Kedua, berbicara soal Flores pasca ditetapkan sebagai Pulau Geotermal tahun 2017 lalu harus disyukuri. Ini kekayaan alam yang harus dimanfaatkan untuk kesejahteraan umat manusia. Namun yang harus diperhatikan oleh pemerintah pusat dan pemerintah daerah di NTT sekarang ini adalah perkuat sumber daya manusia untuk menguasai teknologi Geotermal.

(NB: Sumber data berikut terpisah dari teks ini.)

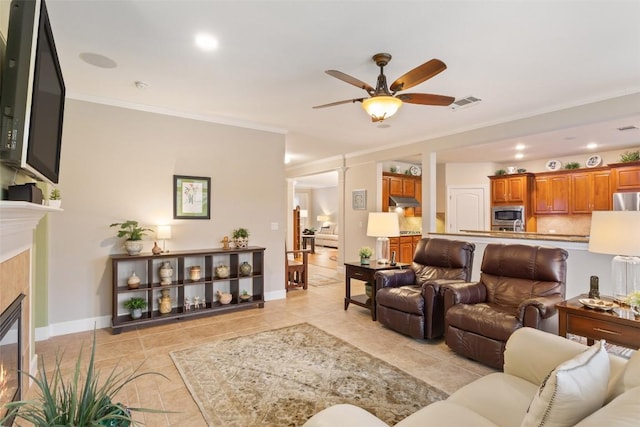 living room with ceiling fan, crown molding, and a tile fireplace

“Persoalan yang ada sekarang, mau eksplorasi Geotermal tetapi teknologi yang digunakan tidak ada. Kalau dalam kaca mata awam, eksplorasi Geotermal yang dilakukan di Mataloko, dan juga di beberapa titik lainnya, menggunakan teknologi yang sangat minim, kasarnya seperti orang gali pakai linggis. Makanya dampaknya merusak lingkungan, lumpur keluar, bau gas dan belerang, atap seng keropos, tanaman mati dan sebagainya. Teknologi Geotermal belum siap. Makanya saya tegas minta agar stop seluruh eksplorasi Geotermal di Flores lebih khusus lagi di Mataloko dan Pocoleok,” ujarnya.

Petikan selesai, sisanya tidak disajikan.